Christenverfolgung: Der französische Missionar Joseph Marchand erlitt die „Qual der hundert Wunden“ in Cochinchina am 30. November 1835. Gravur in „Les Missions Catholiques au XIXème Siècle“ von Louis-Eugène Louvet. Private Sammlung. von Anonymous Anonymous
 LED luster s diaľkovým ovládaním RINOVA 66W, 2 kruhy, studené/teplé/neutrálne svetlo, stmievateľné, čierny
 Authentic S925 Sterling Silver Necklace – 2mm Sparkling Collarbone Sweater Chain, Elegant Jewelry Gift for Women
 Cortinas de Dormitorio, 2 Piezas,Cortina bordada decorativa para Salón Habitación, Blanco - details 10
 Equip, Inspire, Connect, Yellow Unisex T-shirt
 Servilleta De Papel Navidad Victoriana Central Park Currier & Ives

= = = = =

• [Task statement]
The first line of the data, the line with "Authentic S925 Sterling", and all lines in between are to be copied exactly. Leave out everything else.

• [Output of the task]
Christenverfolgung: Der französische Missionar Joseph Marchand erlitt die „Qual der hundert Wunden“ in Cochinchina am 30. November 1835. Gravur in „Les Missions Catholiques au XIXème Siècle“ von Louis-Eugène Louvet. Private Sammlung. von Anonymous Anonymous
 LED luster s diaľkovým ovládaním RINOVA 66W, 2 kruhy, studené/teplé/neutrálne svetlo, stmievateľné, čierny
 Authentic S925 Sterling Silver Necklace – 2mm Sparkling Collarbone Sweater Chain, Elegant Jewelry Gift for Women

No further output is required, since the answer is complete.